What is expected:
Without any images, write the data out exactly as it appears.

Data section:
_ _ _ _ _

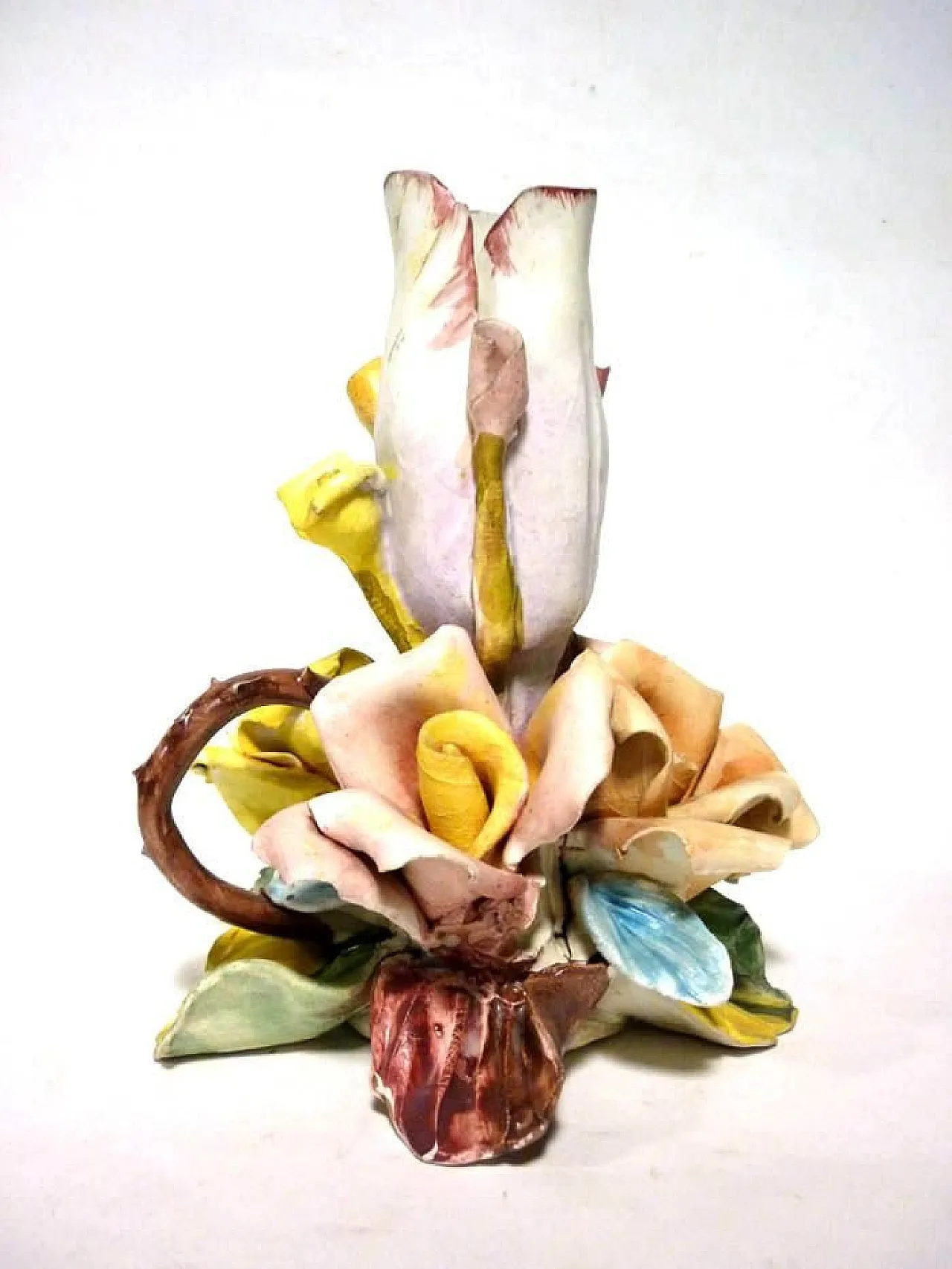 Capodimonte biscuit porcelain rose flower candleholder, 1950s 2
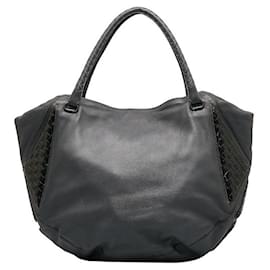 Bottega Veneta-Leather Tote Bag-Grey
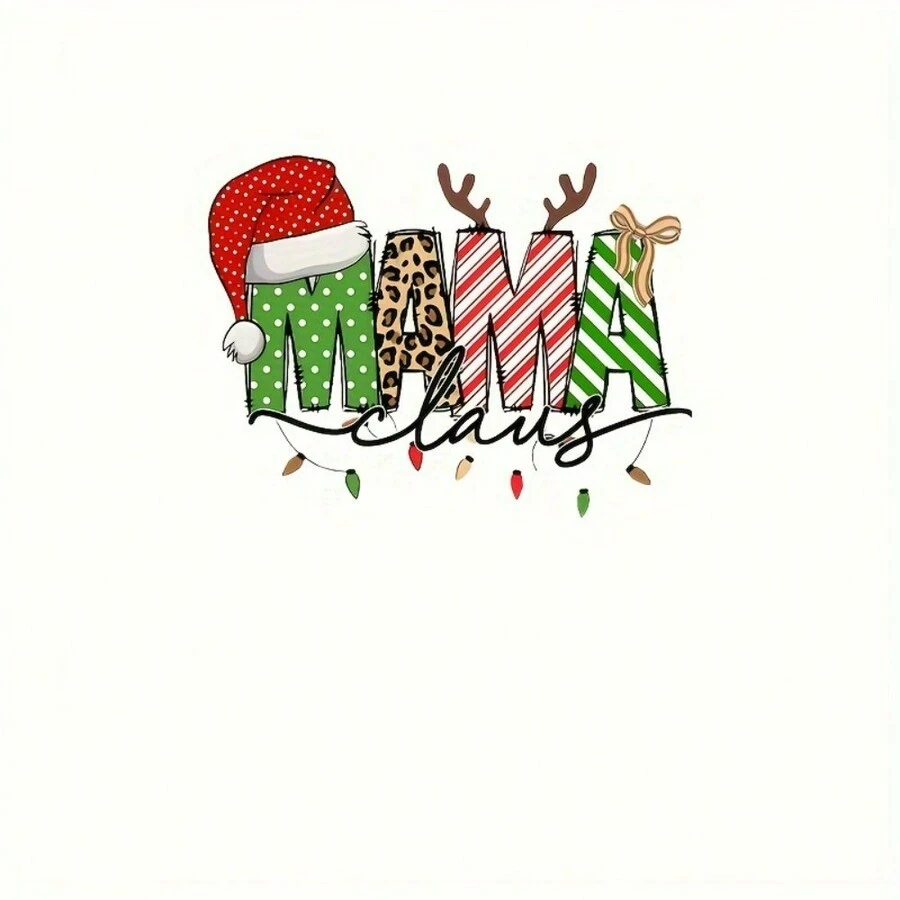 1/2/3 件圣诞快乐，妈妈克劳斯热漆贴纸 - 非常适合 DIY T 恤、牛仔裤和背包 - 可清洗且耐用 - 彩色 - 查看 1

_ _ _ _ _

Answer box:
 Capodimonte biscuit porcelain rose flower candleholder, 1950s 2
 Bottega Veneta-Leather Tote Bag-Grey
 1/2/3 件圣诞快乐，妈妈克劳斯热漆贴纸 - 非常适合 DIY T 恤、牛仔裤和背包 - 可清洗且耐用 - 彩色 - 查看 1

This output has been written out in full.